11 Bridge St Sydney, NSW 2000
|Opening hours||Daily noon-3pm, 6pm-11pm|
|Features||Business lunch, Accepts bookings, Licensed, Private dining, Vegetarian friendly, Yum cha|
|Prices||Expensive (mains over $40)|
|Payments||Diner's Club, eftpos, AMEX, Cash, Visa, Mastercard|
|Phone||02 9252 1888|
How much room do you have in your life for extravagant tea service? If you answered "a lot", you're about to have your day made, now Neil Perry has started his yum cha menu at Jade Temple.
It's here at Perry's new Cantonese palace at the old 11 Bridge site that you'll choose your tea from the menu (complete with sniffing boxes, so you know that oolong's pure, man), then choose your Chinese tea cup from a tray filled with a selection of different shapes, styles and colours.
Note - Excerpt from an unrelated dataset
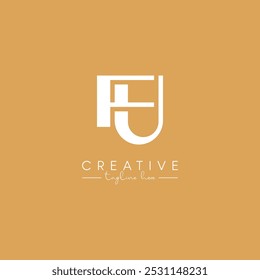 Abstract FU UF Letter Artistic Stylish Logo Design. Initial Based Vector.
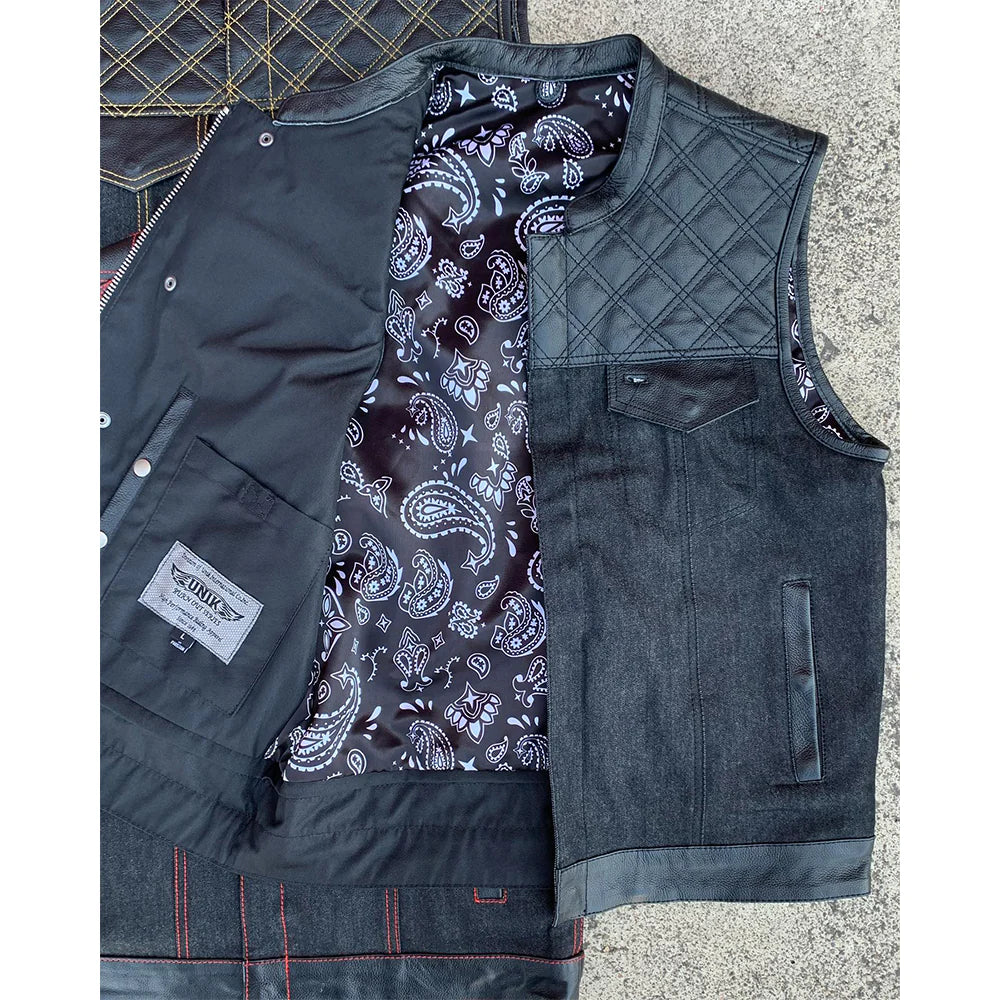Open Road Men's Denim & Leather Club Vest - Velora Luxury Fashion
OTT, sure, but very sweet.
Tisanes aside, we're here for whatever's in those bamboo steamer baskets. We do this with wallets poised and credit cards at the ready, mind.
This is yum cha for folks with deep pockets, and it costs roughly around double what you'd spend a head at say, East Ocean, Sunny Harbour or Dynasty Chinese. That said, there's also a palpable difference when it comes to service, style and quality.
For one thing, you're looking at roolio troolio dumpling wizard Moon Cheng Ng (he prefers Dicky) folding your har gau (that's eight to 10 pleats in your steamed prawn dumpling – dim sum master territory).
It's Perry's senior staff running the floor, too, on hand with the wine list, though I'm prepared to offer a firm and enthusiastic high five to whoever abandons wearing the cheongsam first.
Anyway, stunning pastry work on the "lotus root", which resembles a folded paper lantern with minute, artful razor-sharp folds of crisp golden pastry holding holding a mix of melted cheese and white radish, bound tightly by thin strands of seaweed. Could I do without the truffle paste dolloped on top of the mushroom filled crystal dumplings? Yes. Easily.
But bible tripe, perfectly and delicately seasoned and fragrant with fresh white pepper, ginger and green onion, is unmissable.
As are textbook siu mai, the meaty pork and prawn filling captured in a perfectly folded wonton finished with lurid orange crab roe.
If your dirty little secret is a char siu bao well after you probably should have stopped eating, you've come to the right place.
These sweet barbecue pork buns aren't the massive fists of fluffy dough you might be used to. Rather, the dough mix is a little tighter and more glutinous, the bun's a fair bit smaller and the chopped up barbecue pork filling more natural-looking.
The broader picture is much more reminiscent of those super-fancy Hong Kong dim sum establishments than any of Sydney's usual joyfully rambunctious Saturday mid-morning haunts.
But to my mind, there's more than enough room in this town for both.
Bottom line siu mai ($12); barbecue pork bun ($12); tripe ($9).
Pro Tip: The full Jade Temple wine list is at your disposal, whether you're here for a round of xiao long bao, or a whole crisp-skinned duck.
Go-to Dish: Order both the baked and steamed char siu bao for the ultimate compare and contrast.